The safety valve and spring includes an integral dart contacting extender portion in the form of three fingers, a cup-shaped valve plate portion, a spring portion and a base portion, the spring portion including a plurality of twisted strips with one end of each strip being integral with the valve plate portion and an opposite end of each strip being integral with the base portion; and including the step of: Supporting the extender portion by the valve and mandrel support of the barrel portion. An outer body having an integral cylinder portion, a barrel portion and a trigger-mounting portion, the barrel portion including a valve and mandrel support; a safety valve and spring having an integral dart contact portion, a valve plate portion, a spring portion and a base portion, the spring portion being integral with the valve plate portion at one end and the base portion at an opposite end, the safety valve and spring being mounted in the barrel portion of the outer body and supported by the valve and mandrel support, the safety valve and spring for engaging a dart loaded in the barrel portion; a valve cap secured to the barrel portion of the outer body; a trigger having an integral finger pad portion, a latch arm portion, a biasing spring portion, and a pivotal mounting portion, the pivotal mounting including opposing pivot shafts, each pivot shaft mounted on a resilient leg, the trigger being pivotally connected to the trigger-mounting portion of the outer body; a cylinder cap having an opening and a connector component, the opening for supporting a slideable plunger rod and the connector component for connecting to an connector component of the cylinder portion of the outer body; a plunger rod having a handle at one end and a connector component at an opposite end, the plunger rod extending through the opening of the cylinder cap; a piston with an opening and a connector component around the opening, the connector component of the piston to enable the piston to connect with the connector component of the plunger rod; and a launch spring mounted around the plunger rod, the launch spring being seated between the cylinder cap and the piston.
The dart contact portion of the safety valve and spring includes a plurality of extending legs, the legs being supported by the valve and mandrel support of the barrel portion of the outer body; the valve plate portion cup shaped; the spring portion includes a plurality of twisted strips with one end of each strip being integral with the valve plate portion and an opposite end of each strip being integral with the base portion; and the base portion is a ring.
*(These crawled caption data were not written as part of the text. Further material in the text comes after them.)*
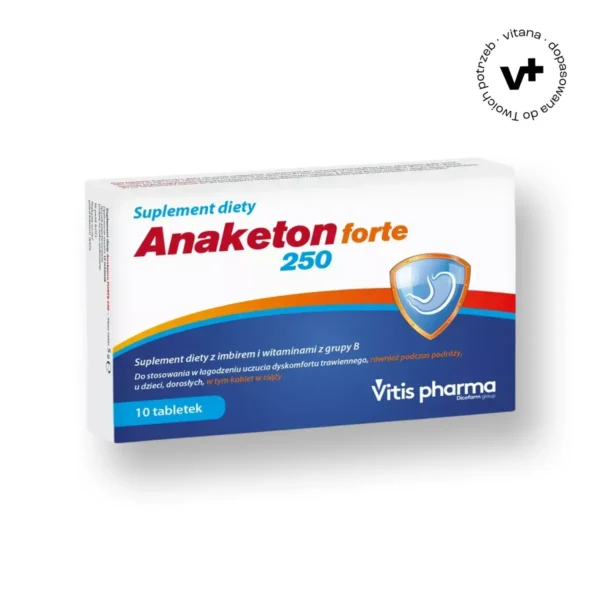 Anaketon Forte 250, 10 tabletek - suplement diety z imbirem i witaminami B wspierający układ pokarmowy i dobre samopoczucie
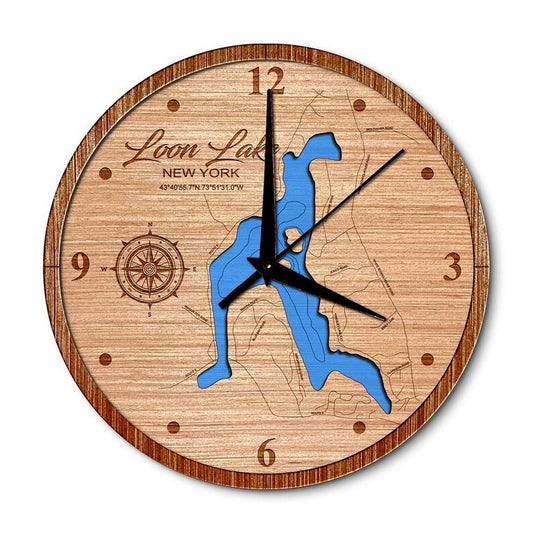 Loon Lake in Chestertown, New York 14in Layered Map Clock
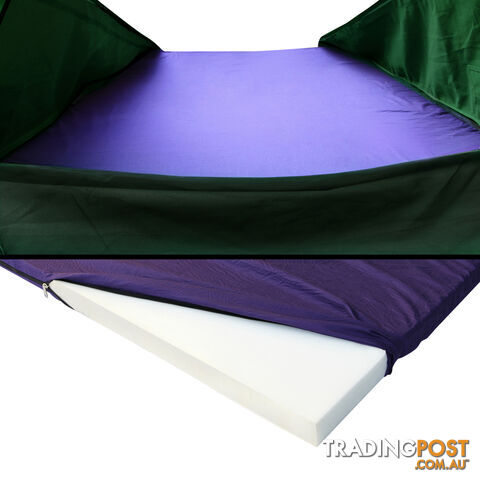 Double Camping Canvas Swag Tent Green w/ Air Pillow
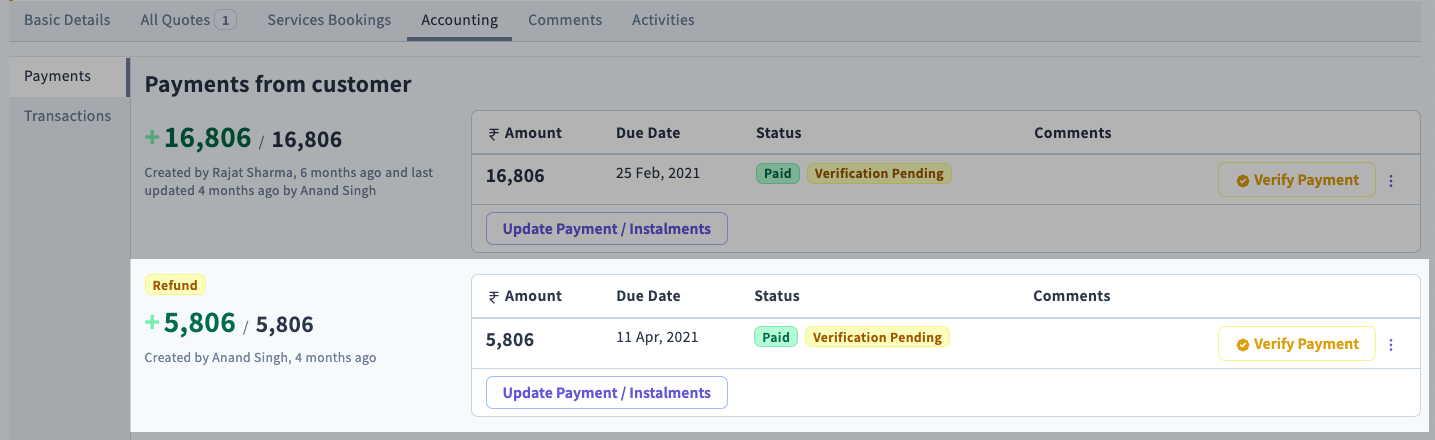 Image showing hotel booking ledger with payments status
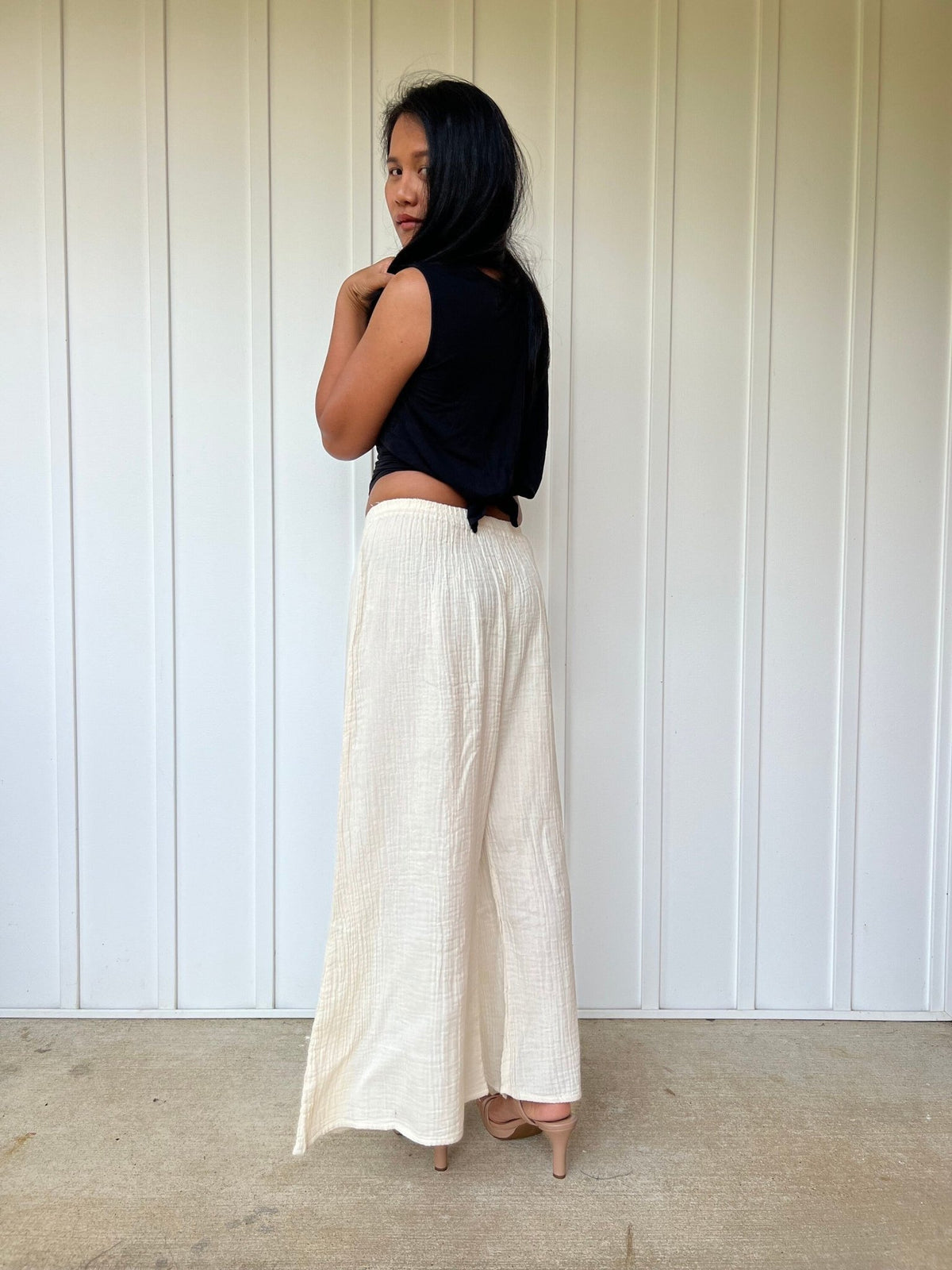 Vivian Wide-Leg Cotton Pants in Cream-VV-1-Mala Handworks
The pivot shafts are integral with the legs; the resilient legs on which the pivot shafts are mounted are spaced apart and flex toward each other during assembly of the launcher apparatus; and the pivot shafts move inward with the legs.
It may now be appreciated that the toy apparatus disclosed in detail above has great entertainment value, is fun to use and easy to operate. The toy apparatus is compact, lightweight and yet robust, and has a simple structure that may be produced at a substantial cost savings.
From the foregoing, it can be seen that there has been provided a detailed description and features for an improved toy apparatus as well as a disclosure of a method for assembling the toy apparatus. While particular embodiment of the present invention has been shown and described in detail, it will be obvious to those skilled in the art that changes and modifications may be made without departing from the invention in its broader aspects. Therefore, the aim is to cover all such changes and modifications as fall within the true spirit and scope of the invention. The matters set forth in the foregoing description and accompanying drawings are offered by way of illustrations only and not as limitations. The actual scope of the invention is to be defined by the subsequent claims when viewed in their proper perspective based on the prior art.